The deal comes on the heels of Turner’s spring integration agreement with MillerCoors that resulted in more than 40 placements in shows such as Rizzoli & Isles and Dallas on TNT and on Sullivan & Son on TBS. However, the Starcom deal can potentially involve dozens of agency’s client brands across many different shows over the next year. The ball is basically in Starcom’s court.
The deal is over a period of one year, Speciale says, because of the long lead time necessary to work brands into the story lines of shows, particularly scripted shows.
While the deal was finalized during the upfront, Speciale says discussions had been going on well before that. Turner won't do any other similar deals and, as part of the agreement, Time Warner’s Medialab will conduct ongoing research and put together a study aimed at determining the overall effectiveness and brand lift that each of the integrations brings.
“We wanted to do one deal of this size and then determine how effective it was,” Speciale says, adding that Turner let the industry know it wanted an initial partner, and Starcom stepped forward. After the first year, the results will be analyzed and Turner will determine how to move forward.
Speciale says that from the time she joined Turner in early 2012, the company was undergoing a restructuring to create a much more holistic sales organization where agencies could buy advertising for their clients across all four of the Turner entertainment networks. That process has continued to strengthen, particularly after David Levy was promoted to president of Turner Broadcasting in August. Levy had been overseeing ad sales, all sports programming and affiliate relations, but in his new role added oversight of the four domestic entertainment networks, as well as other business side responsibilities to his portfolio. So that makes it easier to do deals across the entertainment networks and to get the cooperation of both programming and sales with both reporting to Levy.

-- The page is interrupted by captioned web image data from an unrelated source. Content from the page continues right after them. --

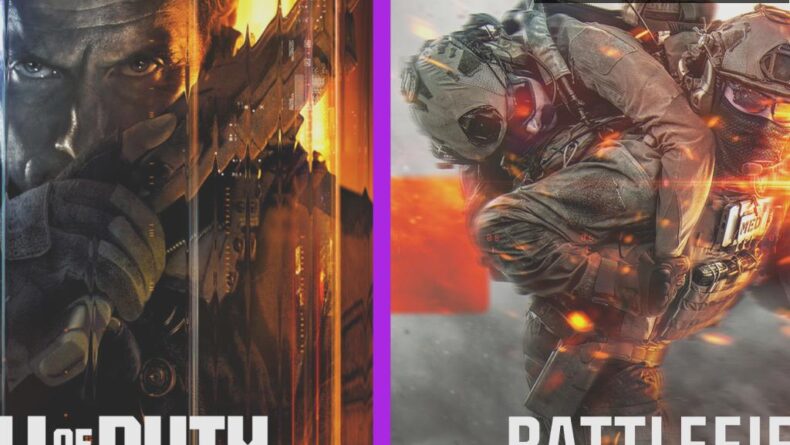 Call of Duty ve Battlefield: Rekabetin Şiddeti Artıyor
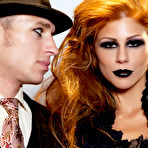 First pic of Brooklyn Lee High-Fashion Redhead Sucks and Screws with Style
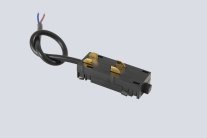 Питание для накладного шинопровода 220V Crystal Lux CLT 0.205 02 L2000 BL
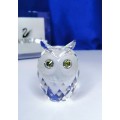 Swarovski Crystal Small Owl #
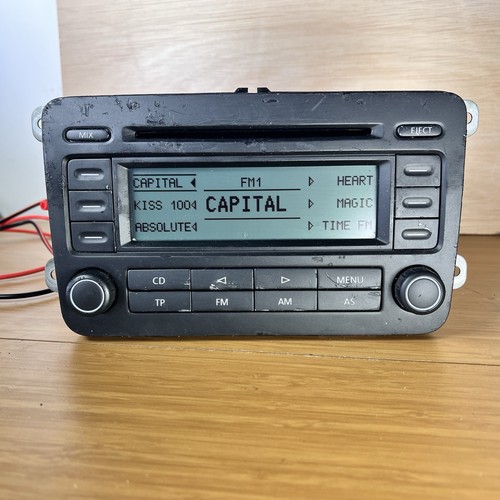 Genuine rcd300 radio cd - genuine, vw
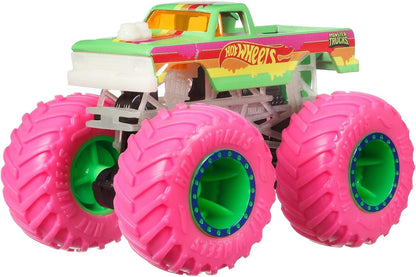 Hot wheels  Mattel Monster Truck Toy For Kids Multicolour (Assorted)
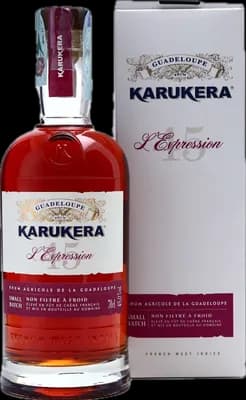 Bouteille de spiritueux : L'Expression - 45 de la marque Karukera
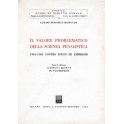 Il valore problematico della scienza penalistica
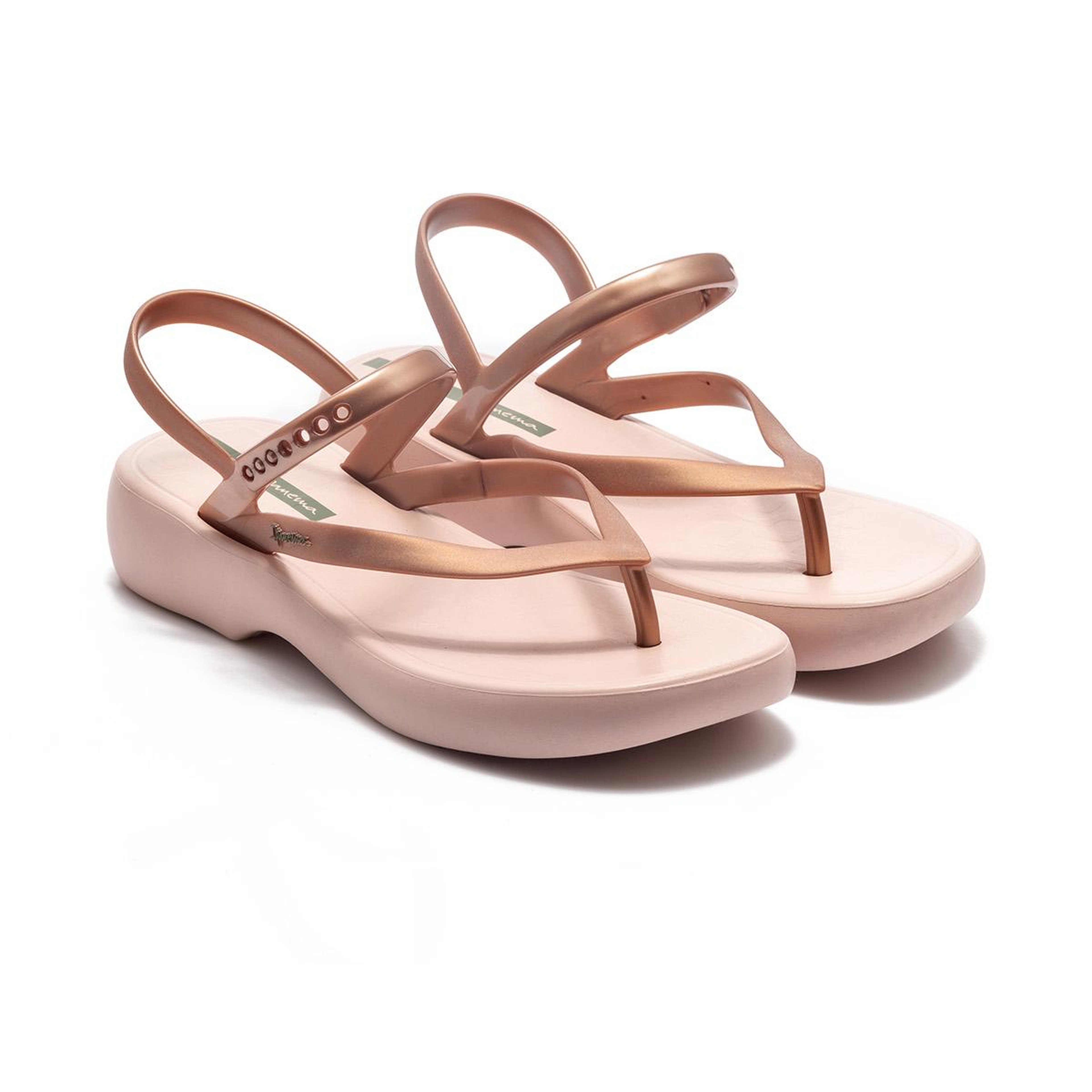 Verano Kadın Sandalet Pudra 35/42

The first brand integration under the deal will be for Kellogg’s Pop Tarts. The integration comes in an early January episode of the new TBS sitcom Ground Floor which premieres Nov. 14. The integration will be blended into the story line: One of the characters is temporarily left in charge as manager and decides to create a contest around distributing new phones; in the plot, Pop Tarts will be used as prizes.
How successful will this deal turn out to be? Speciale calls it a work in progress. “We have to see how well it works out,” she says. “If it becomes too cumbersome, it might not be worth it for us to continue. But we have to find out, and that’s where our Medialab research data will come in. We have to learn to walk before we run.”